Stored data entries:
_ _ _
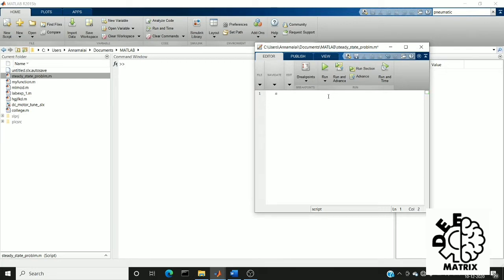So first of all I am going to declare my system equal to tf of. tf is nothing but a transfer function.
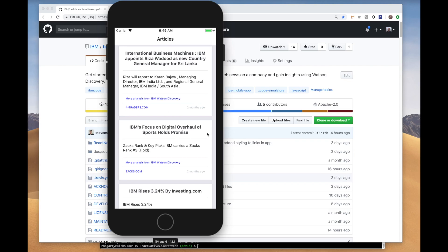Hello everyone, thanks for tuning in. What you're looking at here is a mobile app running in the iOS simulator in Xcode, which is all running on my Mac. This app was written in JavaScript using the React Native framework with access to the IBM Watson Discovery Service.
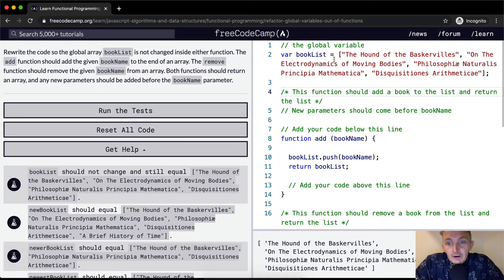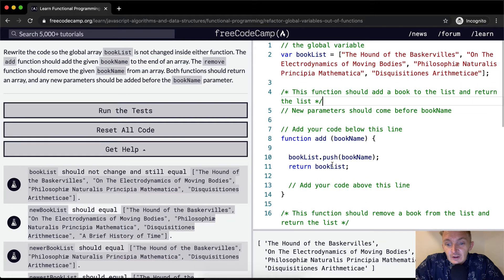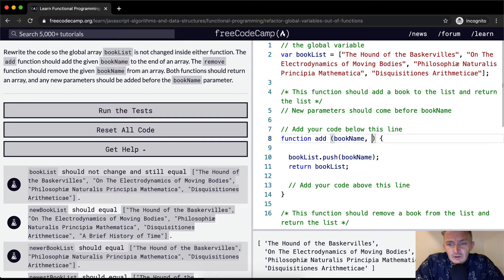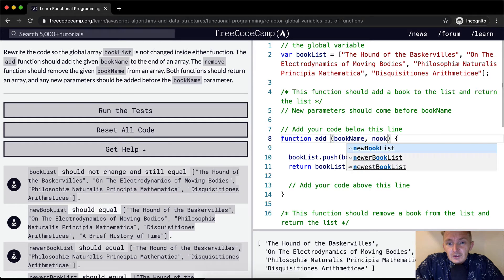We've got a global variable here with a list of four strings inside the array — they appear to be titles of books. This function should add a book to the list and return the list. So here we're returning the book list, but what we want to do is also have the book list passed in. So we could say: the book list, the book name, and then the book list.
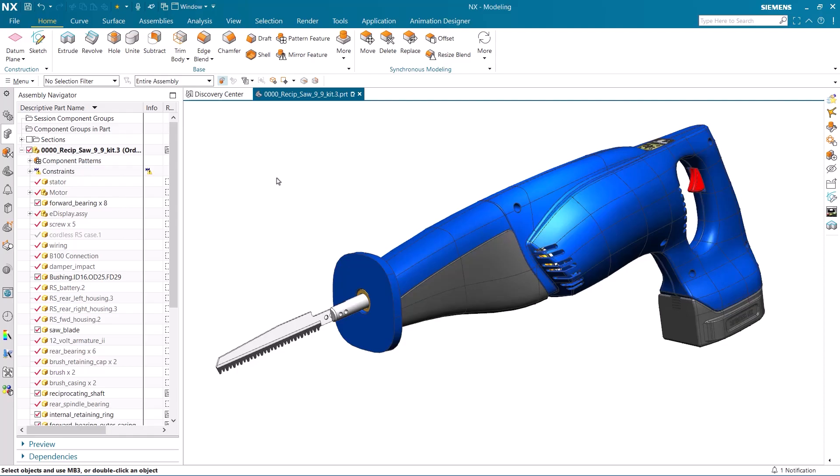Hi, I'm Seth Rotenberger, and today I'm going to be showing you how to get started creating animations in NX's Animation Designer.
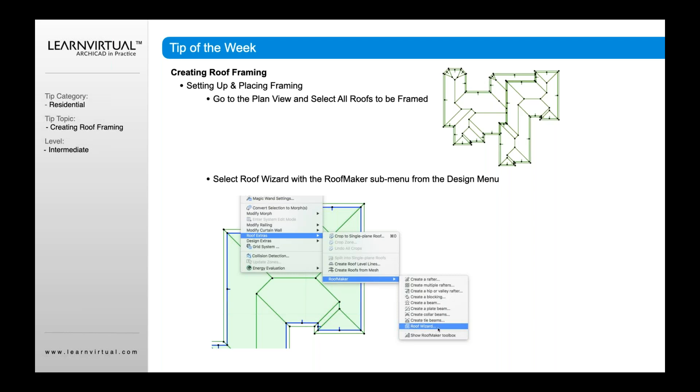So once you create that roof, you select it. You're then going to go up to your Design menu. You're going to go down to Roof Extras, Roof Maker, and you've got various options in here. The Roof Wizard basically takes all these different options, combines that into one wizard, which is kind of nice that you can then go through and set all your settings.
_ _ _
Give the entries above again, exactly as written and free of images.

Written answer:
So first of all I am going to declare my system equal to tf of. tf is nothing but a transfer function.
Hello everyone, thanks for tuning in. What you're looking at here is a mobile app running in the iOS simulator in Xcode, which is all running on my Mac. This app was written in JavaScript using the React Native framework with access to the IBM Watson Discovery Service.
We've got a global variable here with a list of four strings inside the array — they appear to be titles of books. This function should add a book to the list and return the list. So here we're returning the book list, but what we want to do is also have the book list passed in. So we could say: the book list, the book name, and then the book list.
Hi, I'm Seth Rotenberger, and today I'm going to be showing you how to get started creating animations in NX's Animation Designer.
So once you create that roof, you select it. You're then going to go up to your Design menu. You're going to go down to Roof Extras, Roof Maker, and you've got various options in here. The Roof Wizard basically takes all these different options, combines that into one wizard, which is kind of nice that you can then go through and set all your settings.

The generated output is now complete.